This sounds plausibly like something Trump would say in real life. The connection with reality is unnecessary and in fact basically superfluous.

If you had a charismatic Black Boss of DC that made an alliance with the GOP in order to gain power and influence, this would work.  A black Ed Crump-style conservative boss who commanded the loyalty of black voters.

Not likely in DC.  But in the South, I expect some black elected officials to become the GOP and make alliances in exchange for influence, and I expect some black voters to go along.  Black voters reelected Thad Cochran in 2014 and I believe that when the black leaders that provided the margin for Cochran in the primary knock on Cochran's door, they're greeted warmly by a friend who gets things done in Washington on their behalf.

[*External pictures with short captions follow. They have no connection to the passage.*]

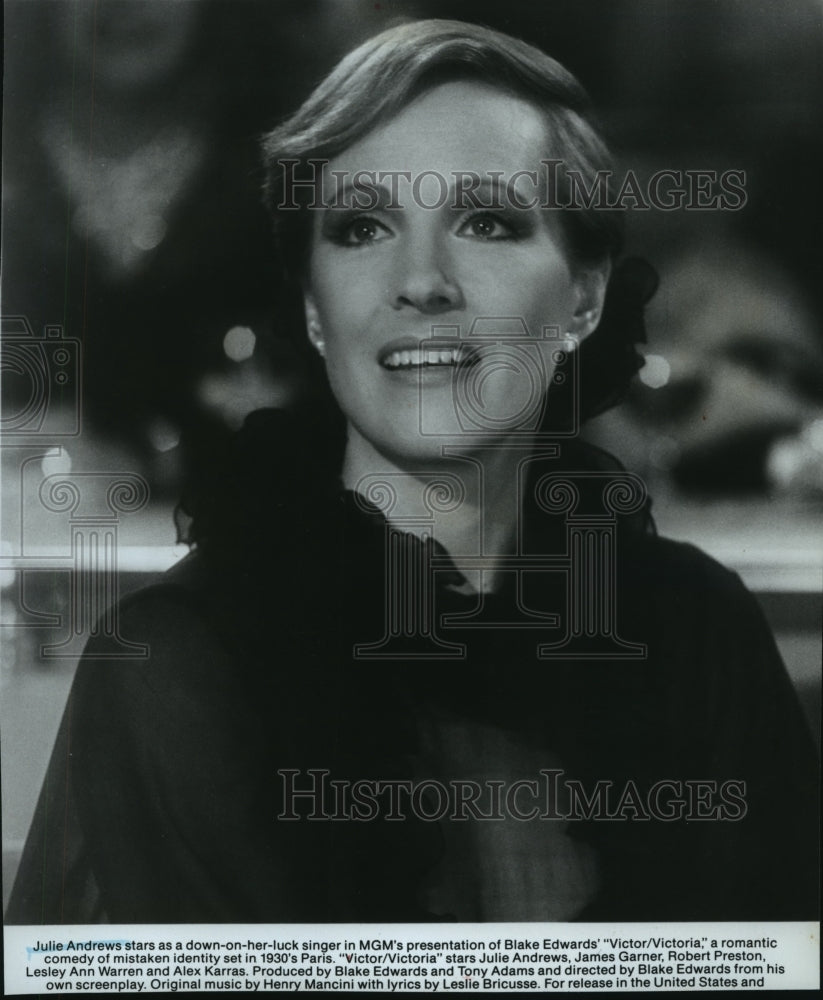 1961 Press Photo Julie Andrews in Victor/Victoria - spp22833 - Historic Images
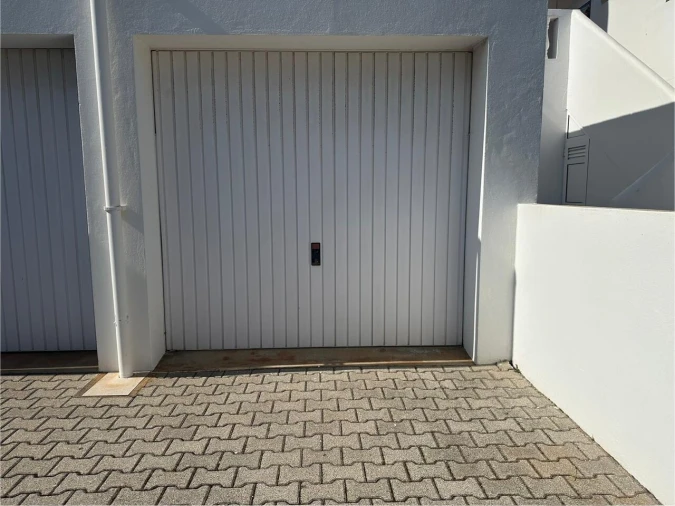 Garagem para Venda em Luz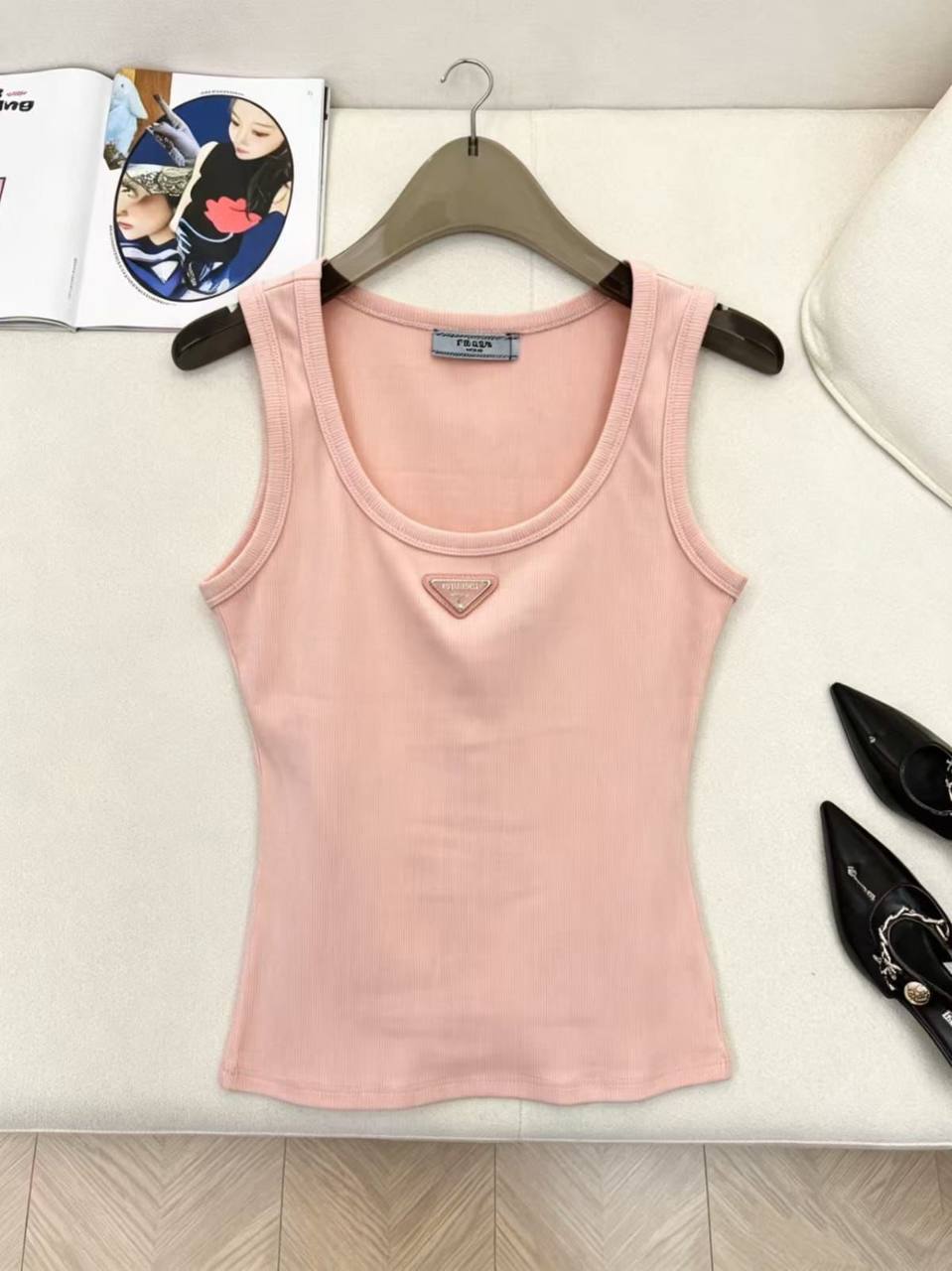 *New collections*
PRADA
*Super Master quality*
*Sizes: S M L XL*
250 dhs💓
Zain308
♥️♥️♥️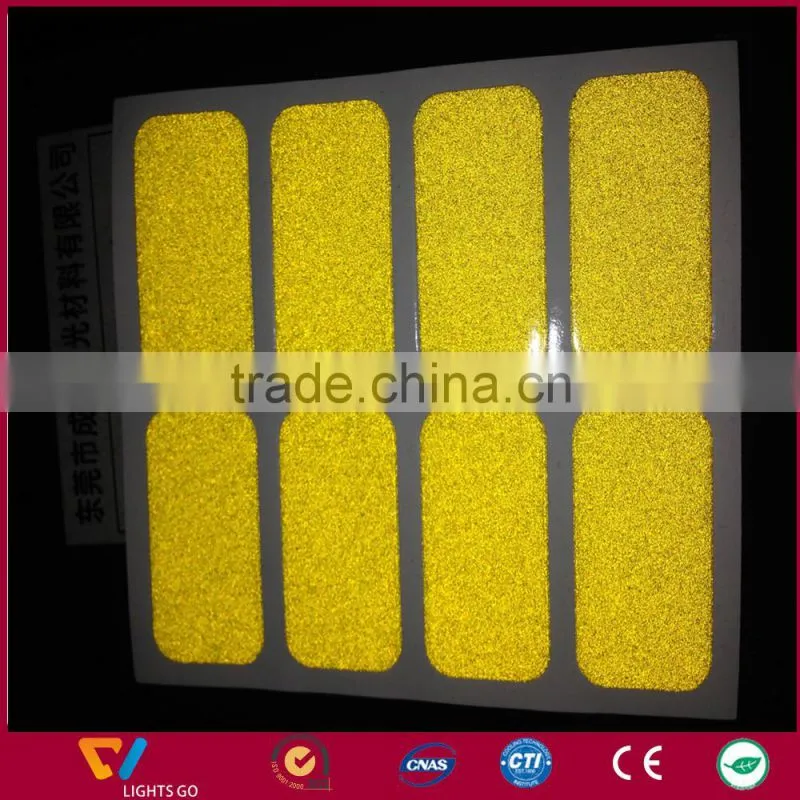 EN13356 custom promotion glow in the dark paper sticker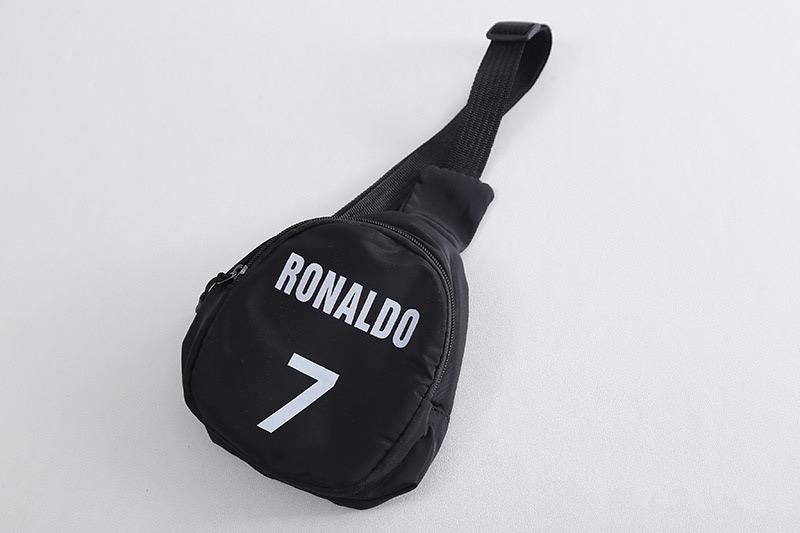 ست سه تیکه تیشرت و شلوارک و کیف طرح Ronaldo رنگ مشکی کد 16425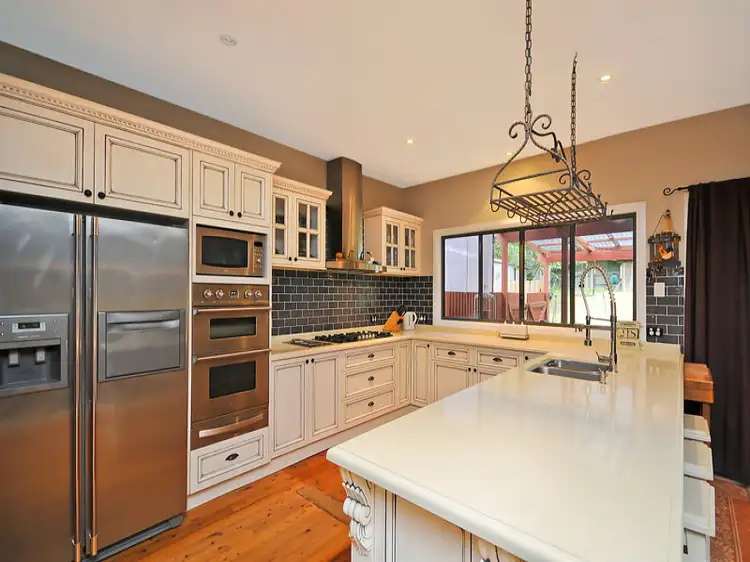4 Koala Road, Blaxland NSW 2774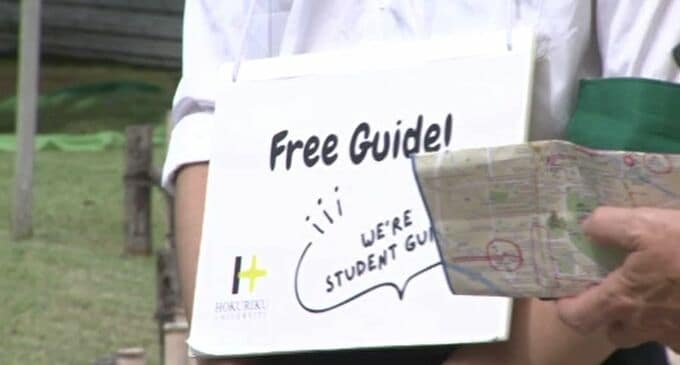 学生が兼六園で英語ガイド実習 過去最多の外国人観光客需要に対応|TBS NEWS DIG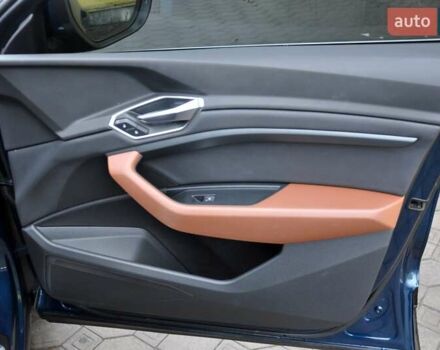 Синий Ауди E-Tron, объемом двигателя 0 л и пробегом 52 тыс. км за 31500 $, фото 29 на Automoto.ua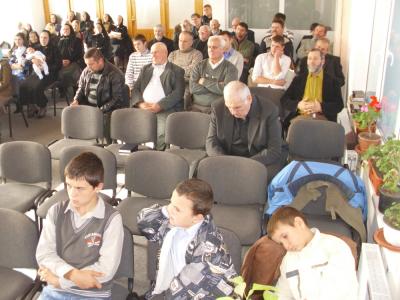 12_sala_dreapta.jpg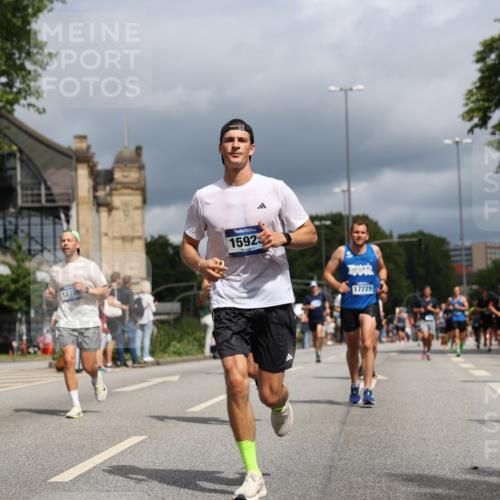 29.06.2025 - hella hamburg halbmarathon Yannick Fuchs http://msf.ph/oto/8175378 29.06.2025 10:41:42 20KM 51, 1012, 1460, 1592, 1604, 1613, 1696, 2274, 2284, 2839, 2864, 2869, 3976, 4093, 4377, 5022, 5650, 5889, 6134, 6168, 6203, 6716, 7962, 8564, 8693, 8852, 9051, 10122, 10423, 10969, 10988, 11021, 11283, 11518, 12679, 12706, 12724, 12870, 13223, 13672, 14730, 15350, 15451, 15923, 15973, 16089, 16175, 16819, 17172, 17229, 17451, 17743, 17846, 17915, 17979, 18104, 18297, 18356, 18856, 19127 meine-sportfotos.de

DC isn't all that black anymore, though; gentrification over the past two decades or so has really done a number on DC. In the 2014 mayoral primary, the black "machine candidate" got only 33%, with a black "anti-machine candidate" getting 43% and two white candidates combining for 18%. That black anti-machine candidate went on to win a general election against two ex-Republican independents 55-(combined)42. The primary electorate, and the city as a whole, are probably still narrowly majority black, but the general electorate most likely isn't.

Here's the thing with the sort of white liberals who move to DC instead of New York or San Francisco: they vote. Even when it's totally meaningless. And note that the city has continued to trend Democratic (from consistently >80 to consistently >90 Democratic) even as its gotten whiter; that also reveals something about the sorts of people who're moving there.

Ivanka Trump is a popular candidate for Mayor of DC after making a lot of local connections during her father's presidency.

Like I said, two ex-Republican independents combined for 42% of the vote in the 2014 mayoral general election. As long as Ivanka doesn't run as a Republican, this may not be such a far-fetched or unrealistic scenario.

A Democrat who promises to put every resident of DC into a concentration camp and nuke the city, while Trump has a >60% approval rating.

Ridiculous, I know, but virtually any Democrat would win DC, even a joke like Dunham.

"No Republican would win" ≠ "any Democrat would win"

This will be even truer after 10 more years or so of demographic change.